Quartalsausblick: Markt für alternative Anlagen steht vor Neusortierung

7. Oktober 2022
Dr. Rupert Hengster, Geschäftsführer von Dr. Hengster, Loesch & Kollegen / Foto: © HLK

Die andauernd hohe Inflation und die Zinserhöhungen haben im dritten Quartal deutliche Spuren auf dem Markt für Real Assets und Liquid Alternatives hinterlassen. Das ganz hohe Zinsniveau wird im europäischen Raum zwar nicht eintreten, herausfordernd bleibt die Lage für die meisten Marktteilnehmer dennoch. Auch institutionelle Investoren haben es derzeit mit komplexen und nicht einfachen Rahmenbedingungen zu tun, mittlerweile haben sie jedoch bessere Möglichkeiten, für ihre Kunden und Beitragszahler bessere Renditen zu erwirtschaften. Auf der Asset-Management-Seite hingegen wird über kurz oder lang nur im Markt bestehen, wer die richtigen Entscheidungen trifft – beispielsweise bei Immobilien-Asset-Managern, die sich hinsichtlich der zukünftigen ESG-Maßnahmen bei Bestandsimmobilien beweisen müssen –, einen guten Zugang zur Investorenbasis hat und es versteht, deren Bedürfnisse in attraktive Lösungen zu übersetzen.

Kampf um Investorengelder wird härter

Investierbares Kapital ist mit der notwendigen Straffung der Geldpolitik rarer geworden. Davon sind zwar fast alle Assetklassen betroffen, die größten Auswirkungen sind jedoch dort zu finden, wo in den letzten Jahren mit hohem Femdkapitaleinsatz investiert wurde – wie etwa bei Real Assets. Mit Zinssätzen oft jenseits der vier Prozent ist Fremdkapital sowieso ungleich teurer als noch vor einem halben Jahr, zusätzlich haben sich die Anforderungen der Banken erhöht. Wo im Immobilienbereich momentan noch investiert wird, liegt der Fokus auf Wohnen und Logistik zulasten von Büro und Einzelhandel. Das Interesse an Bestandsimmobilien sollte dabei im Quartalsverlauf sogar zunehmen. Die Abbildung von Neubauprojekten hingegen ist problematisch – die Baustoffpreise sprechen für sich. Insgesamt wird sich die Lage erst entspannen, wenn Real Assets wieder günstiger am Markt zu haben sind. Denn Asset Manager sind dazu verdammt, höhere Renditen zu liefern, als dies aktuell der Fall ist. Andernfalls werden sich Investoren für deutlich liquidere festverzinsliche Anlagen entscheiden.
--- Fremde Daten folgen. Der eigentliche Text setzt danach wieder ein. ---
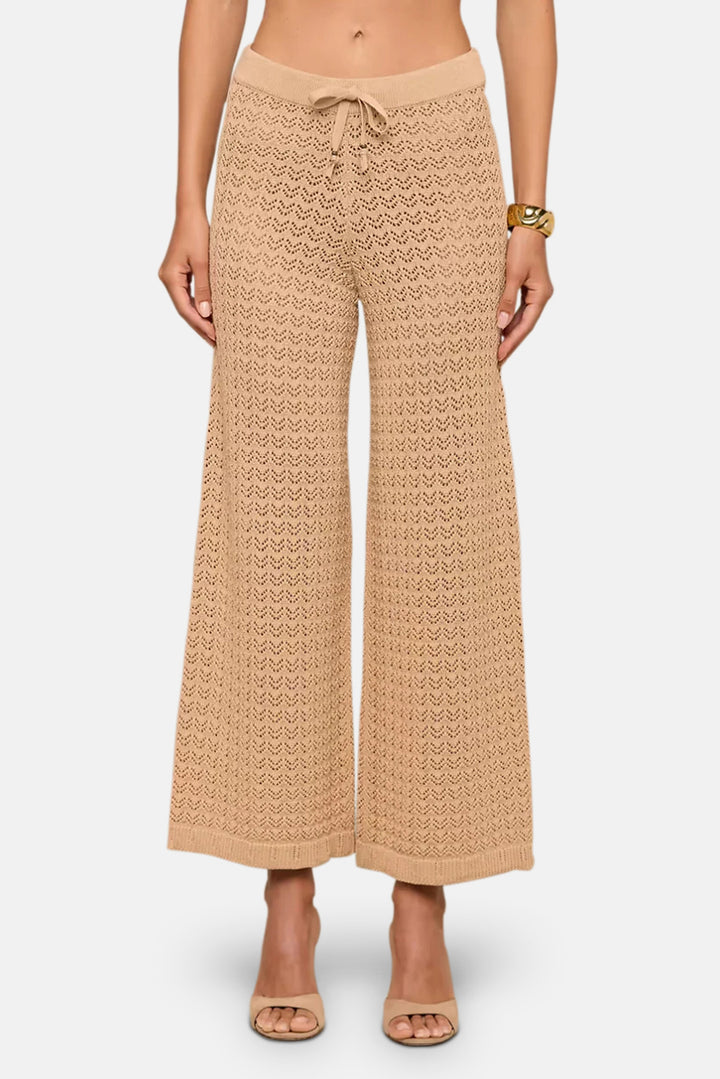 Gaelle Pointelle Knit Pant Light Cappuccino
Regulierung steht Nachhaltigkeitsbedarf im Weg

Die institutionelle Nachfrage nach nachhaltigen Anlagen kann auch die aktuelle Marktlage nicht hemmen. Der Wille zum Investieren ist da, ebenso gibt es genügend lukrative Anlagemöglichkeiten in den Bereichen Infrastruktur und Erneuerbare Energien. Das große Hindernis steht allerdings auf der regulatorischen Seite. Die starre Quoten-Regelung sowie veraltete Risikokennziffern und Solva-Koeffizienten, denen viele institutionelle Investoren unterliegen, lassen kein stärkeres Engagement zu. Das steht im krassen Widerspruch zu den Bestrebungen der Energiewende, deren Notwendigkeit in diesem Jahr durch die Abhängigkeit von russischem Gas umso deutlicher wurde. Denn um die Wende zu schaffen, braucht es über Jahre hinweg massive Investitionen. Ohne die Beteiligung institutioneller Investoren als größte Kapitalverwalter unserer Gesellschaft wird das nicht zu bewerkstelligen sein. Gerade jetzt, wo klassische festverzinsliche Anlagen wieder konkurrenzfähig werden, sollten die Zügel dringend gelockert werden.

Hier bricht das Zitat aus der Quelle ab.